The pro's and con's of Chris Armbruster's advocacy of central
(multi-institutional) repositories over institutional repositories
have already been multiply discussed over the years in this Forum and
elsewhere: http://bit.ly/Armbruster-central

The argument for institutional repositories is that (1) institutions
are the providers of all of OA's target content, (2) they have a stake
in managing their own output, and (most important of all) (3) they are
in a position to mandate the deposit of their own output.

The argument for multi-institutional (central) repositories is that
they look (superficially) as if they were bigger, hence more
"successful" in attracting OA's target content. (Hence Chris's
preference for keeping the two kinds of repositories and their sizes
conflated in the RWWR rankings.) They also look (superficially) more
manageable and sustainable.

The argument against multi-institutional (central) repositories is (a)
that multi-institutional entities (notably, funders) cannot mandate
the deposit of all institutional research output (because not all
research is funded), (b) that central deposit mandates compete with
instead of reinforcing institutional mandates (eliciting resistance
from authors facing the prospect of having to do double-deposits), and
(most relevantly here) (c) that the size and success of a repository
can only be evaluated and compared in relation to the size of that
repository's total target output: And although there are differences
among institutions in the size of their own total output (which can
and should be weighted to normalize it and make it comparable), the
differences in size between institutions and multi-institutions is the
difference in size between the number of apples and the number of
fruit. (The denominator fallacy.)

Multi-institutional (central) repositories' content would have to be
weighted by the output of all their actual and potential target
institutions and the total target content of each, in order to make
multi-institutional rankings comparable to those of individual
institutions. RWWR is not doing that kind of weighting -- nor would it
be easy to determine those weightings for each kind of
multi-institutional repository, though it may eventually be possible
to estimate in principle. If it were done, however, there would hardly
be any need for two rankings (for repositories vs. institutional
repositories).

What would be clear from a proper denominator-weighted ranking of
institutional and multi-institutional repositories is that, contrary
to what Chris has argued, it is not at all true that the
multi-institutional repositories are bigger or more successful in
collecting their respective total target contents. Rather, it makes
much more sense for both institutions and funders to mandate that
researchers deposit in their own institutional repository -- from
which multi-institutional collections could then be automatically
harvested. (It would then be redundant to try to compare their
relative success, as one would clearly derivative from the other.)

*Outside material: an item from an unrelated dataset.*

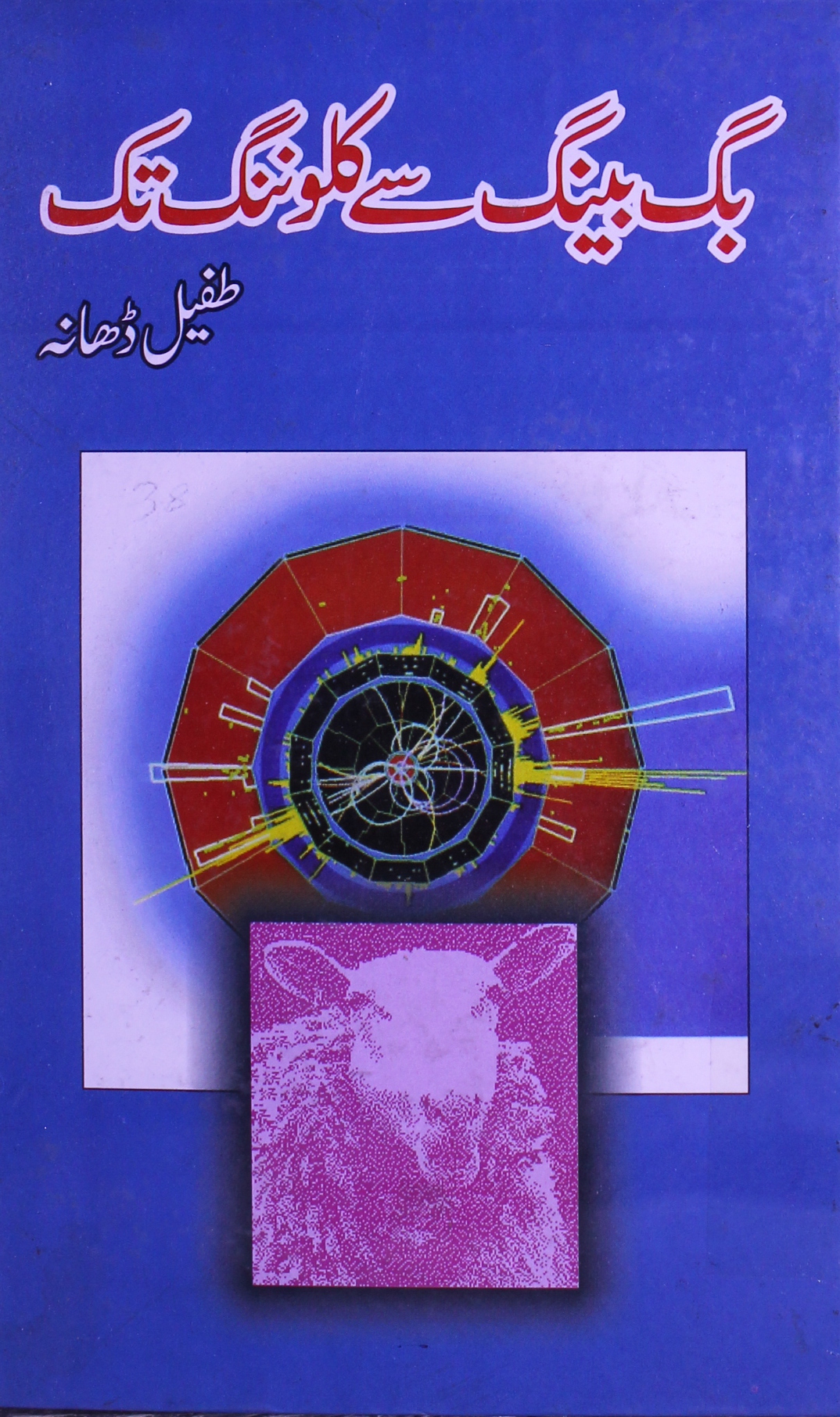 Big Bang Se Cloning Tak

For management and sustainability, local institutional deposit and
central harvesting is the complementary -- and optimal -- solution.
But first the primary content-provision problem has to be solved,
otherwise there is next to nothing to manage and sustain!

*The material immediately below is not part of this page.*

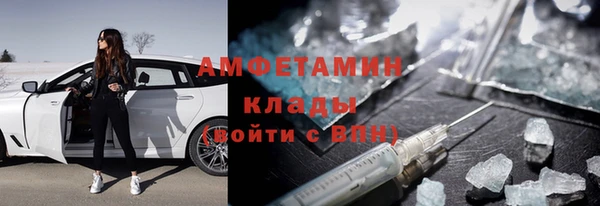 гашиш Заводоуковск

> how about also deleting No 10 because it is only a departmental repository?

A departmental repository, in contrast, is *sub-institutional* rather
than multi-institutional. Hence, unless there is to be a separate RWWR
ranking of the top 800 *departmental* mandates, there is no harm in
listing the departmental repositories among the institutional
repositories -- *except* if the university has both an institutional
and a departmental repository, *and* the contents of the departmental
repository are also a proper subset of the contents of the
institutional repository, hence double-counted.

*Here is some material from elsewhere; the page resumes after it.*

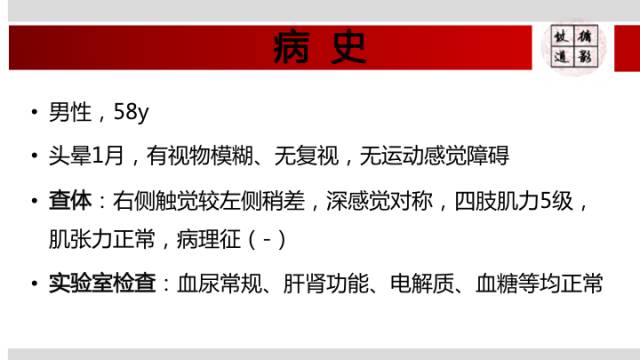 【病例】颅内动静脉畸形1例MR影像表现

This is not the case in the instance of ["institutional"] repository
#10, University of Southampton School of Electronics and Computer
Science, whose contents are *not* part of institutional repository
#27, University of Southampton. Rather than resulting in an inflated
ranking for Southampton, this actually results in a *lower* ranking.
The joint RWWR ranking of the integrated institutional repository
would be higher for Southampton. (That said, with a properly weighted
denominator, separately tagged departmental repositories would be
useful at this time, to compare the relative success of
institution-wide mandates vs. departmental/school/faculty mandates --
i.e., Arthur's Sale's "patchwork mandate" strategy:
http://bit.ly/Patchwork-Mandate .)

> Also, it is a
> bad idea to define repositories as institutional only if they restrict
> themselves to the output of a single institution. We already have too many
> repository managers who succumb to this kind of institutionalist logic - and
> reject OA content only because it is not from their own institution.

If only the problem were that of an overflowing cup, with so much OA
target content that it needs to be rejected!

Chris has the OA content problem completely upside-down! The problem
is that not enough of each institution's own OA target content is
being deposited, anywhere -- not that institutions are declining to
host the output of other institutions. (It is only Chris's
central-repository preoccupation that makes him imagine that the
latter is the problem.)

What's missing is not repositories to deposit in, but *mandates to
deposit*. The solution is for institutions and funders to mandate
institutional deposit of all content, funded and unfunded, across all
disciplines -- and then, if desired, to harvest that content into
various central collections, by discipline, funder, language or
nation, as desired. Institutions are the universal providers of all
that content; they are also the natural locus for deposit mandates.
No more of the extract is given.